_Collected data:_
----------

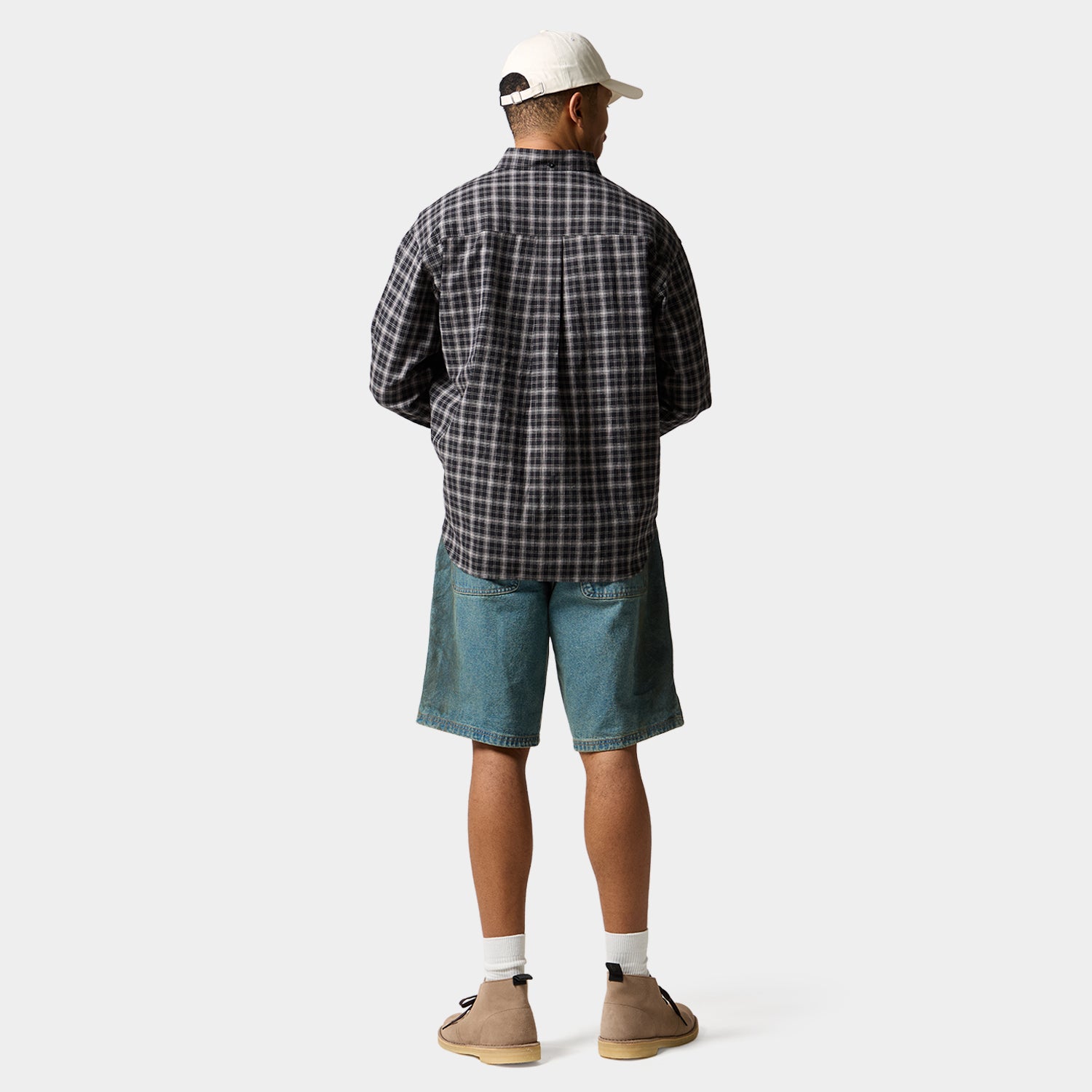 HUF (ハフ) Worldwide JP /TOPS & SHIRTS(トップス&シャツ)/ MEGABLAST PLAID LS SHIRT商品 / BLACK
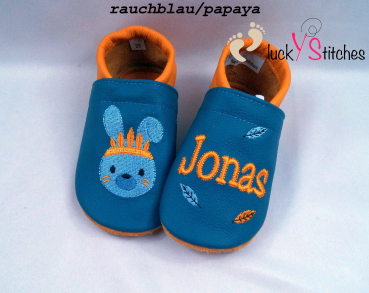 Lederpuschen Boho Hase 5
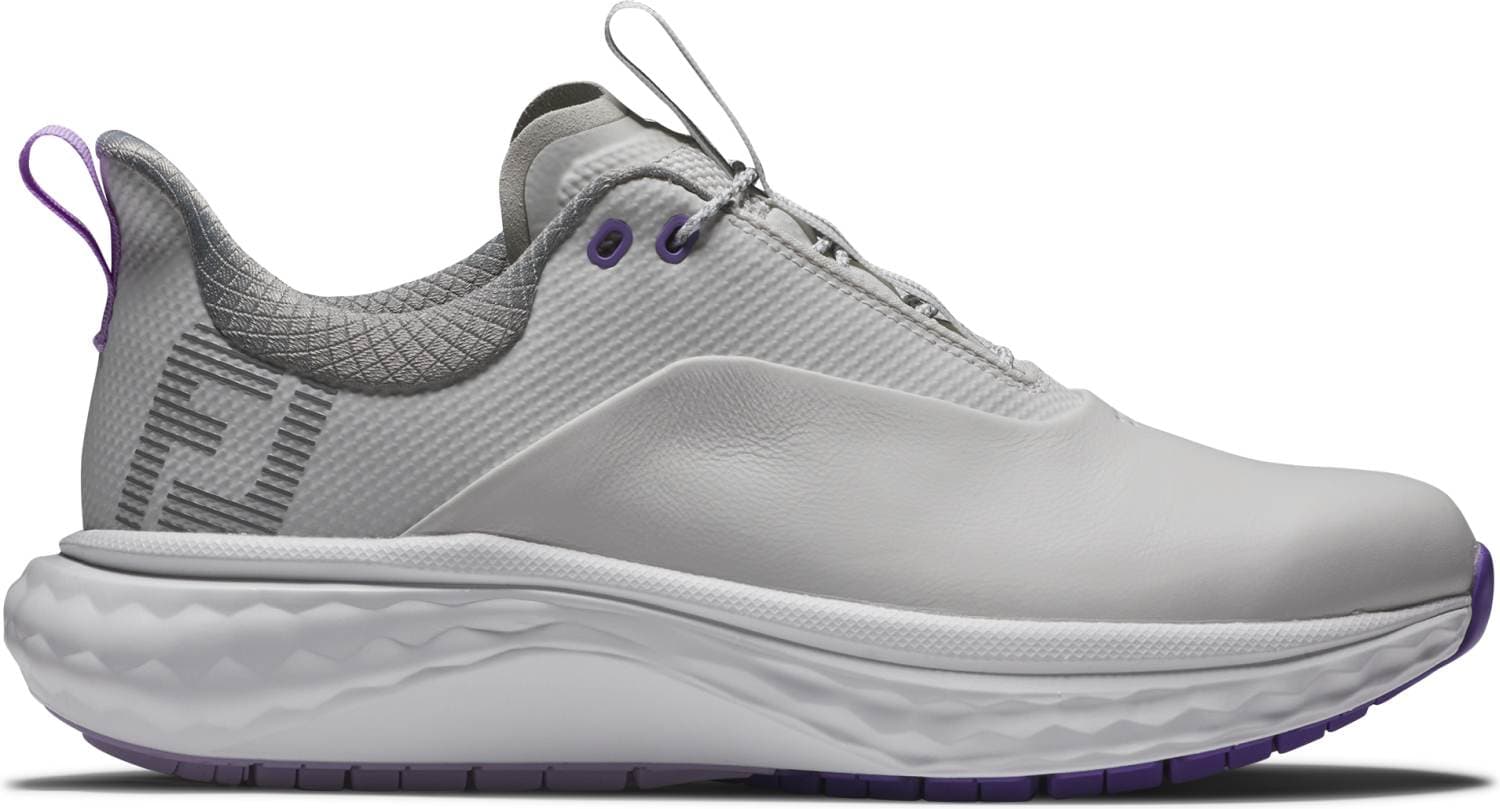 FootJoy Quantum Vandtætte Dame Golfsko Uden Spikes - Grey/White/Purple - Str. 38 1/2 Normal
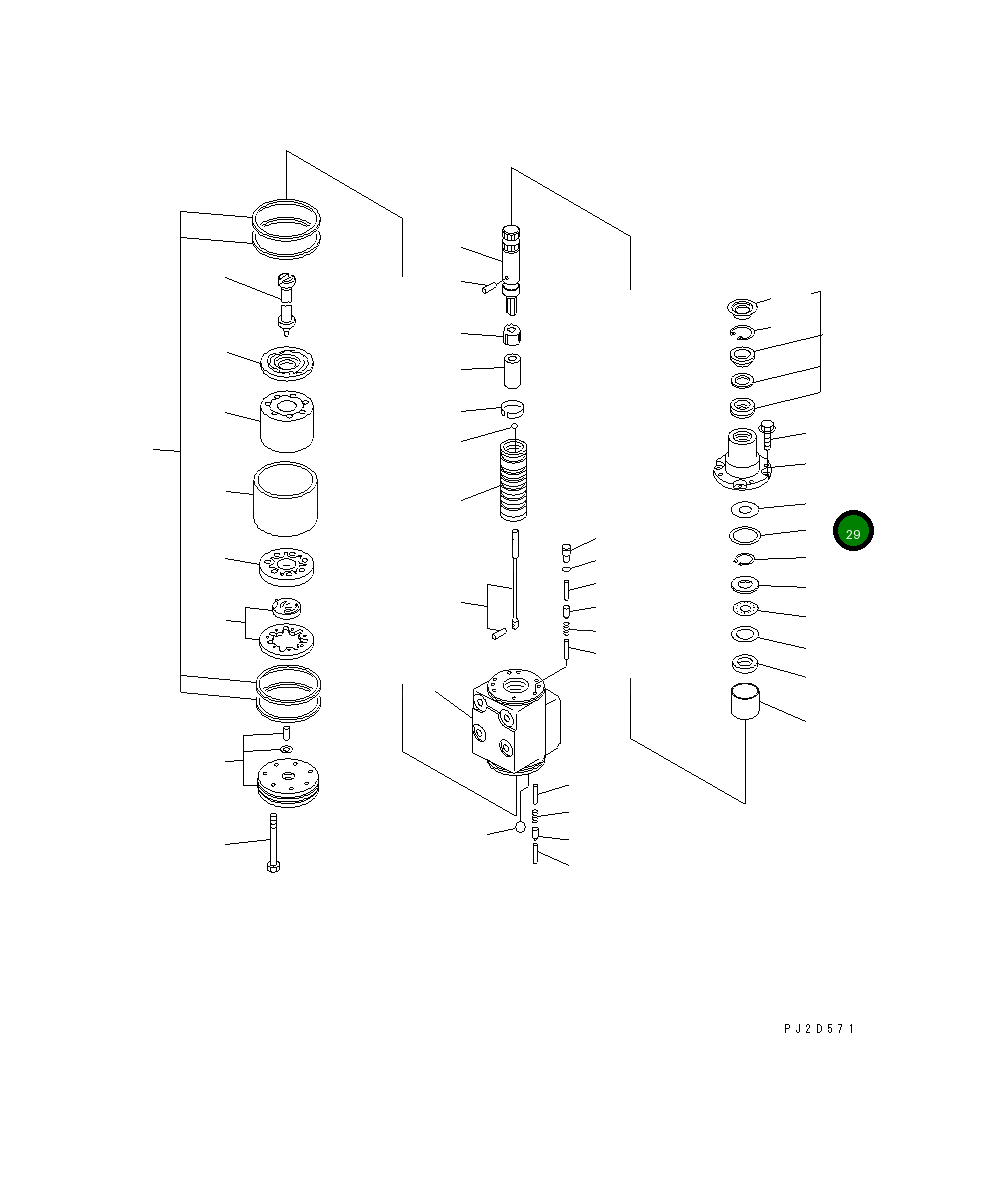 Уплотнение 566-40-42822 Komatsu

----------

_Work to be completed:_ The copy runs from the line containing "FootJoy Quantum Vandtætte" through the last line of the material, both ends included. Reproduce those lines exactly and drop the pictures.

_Your solution:_
 FootJoy Quantum Vandtætte Dame Golfsko Uden Spikes - Grey/White/Purple - Str. 38 1/2 Normal
 Уплотнение 566-40-42822 Komatsu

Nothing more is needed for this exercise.